Конечно, и в эпоху разгула спекуляции были случаи, когда общественное мнение восставало против «жирных котов» и они поджимали хвосты. При мне разыгралась драматическая попытка распродать национальное достояние — плато у пирамид Гизы.
Канадский бизнесмен Питер Мунк, основавший в Гонконге компанию «Саус Пасифик пропертиз», за небольшую плату арендовал на 99 лет несколько десятков гектаров почти у подножия знаменитых пирамид для создания туристского комплекса. Что для чиновников был кусок пустыни с его гравием, песком и камнями?! Египетская история молчала, зато явственно шелестели доллары, предложенные канадцем. Выждав время, Питер Мунк стал распродавать арендованную землю небольшими участками. Он верно рассчитал, что за возможность построить виллу с видом на пирамиды, за престижность места, за прекрасный воздух аравийские и другие нувориши не пожалеют денег. Не выкопав и метра канавы, не заложив ни одного фундамента, компания стала получать миллионы. Профессор истории Каирского университета Намат Фуад первой начала распутывать клубок грязных дел. Мунк оказался связанным и с египетским правительством, и с саудовской королевской семьей. О сделке стали писать газеты, начались дебаты в парламенте. Распродажа плато у пирамид прекратилась, но никто так и не был наказан.

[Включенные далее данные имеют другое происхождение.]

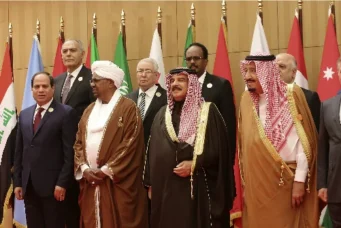 Leaders pose for group photo at Arab League summit, Dead Sea, Jordan, March 29, 2017. Raad Adayleh/ Associated Press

Жизнь как бы повторила фантастический гротеск Гамаля аль-Гитани — его повесть «Воспоминание о прошедшем». С этой повести началось мое заочное, а затем и личное знакомство с писателем. Он подкупал искренностью без претензий, оригинальностью без оригинальничанья. Он уловил психологию «инфитаха», настроения «жирных котов», безумство распродажи, пиратство торгашей.
Ко времени публикации «Воспоминаний о прошедшем» имя Аль-Гитани уже стало известным в египетской и арабской литературе, несмотря на его относительную молодость: ему тогда было тридцать три года. Он принадлежал к кругу писателей-патриотов, которые с болью в сердце задавали вопрос: что означает для страны политический, курс Садата? От насеровской эпохи осталась высотная Асуанская плотина, заводы и фабрики, сооруженные при сотрудничестве с Советским Союзом. А что дало правление Садата?
Не только паразитизм прослойки нуворишей, но и их разрыв с национальными интересами и национальными традициями вызывал бурлящее недовольство и масс, и честной интеллигенции. Этот разрыв был не только социально-экономической и политической сутью новых компрадоров (как раз этот аспект зачастую ускользал от понимания масс), но означал и американизацию их быта, манеры поведения, взглядов, привычек. Нувориши, коррумпированные чиновники, купленная ими интеллигенция приобретали те черты, которые известны на Западе под словом «космополитизм», а здесь, на Ближнем Востоке, — под словом «левантизм».
Еще в XIX веке коммерческое вторжение Европы на Ближний Восток привело к появлению прослойки «левантийцев» (от слова Левант) — посредников, компрадоров, по происхождению греков, армян, евреев, палестинцев, сирийцев, «порой египтян. Дух нового левантизма означал, что местные нувориши — египтяне, общаясь с Западом, сдавали ему все национальные позиции в области культуры, обычаев, нравов. Они могли быть египтянами от волос до кончиков пальцев, их профили могли казаться скопированными с фресок фараоновских храмов, но тем опаснее были они для общества, тем лучше они пользовались национальной мимикрией, будучи, по сути дела, американцами, французами, западными немцами с египетскими лицами и паспортами.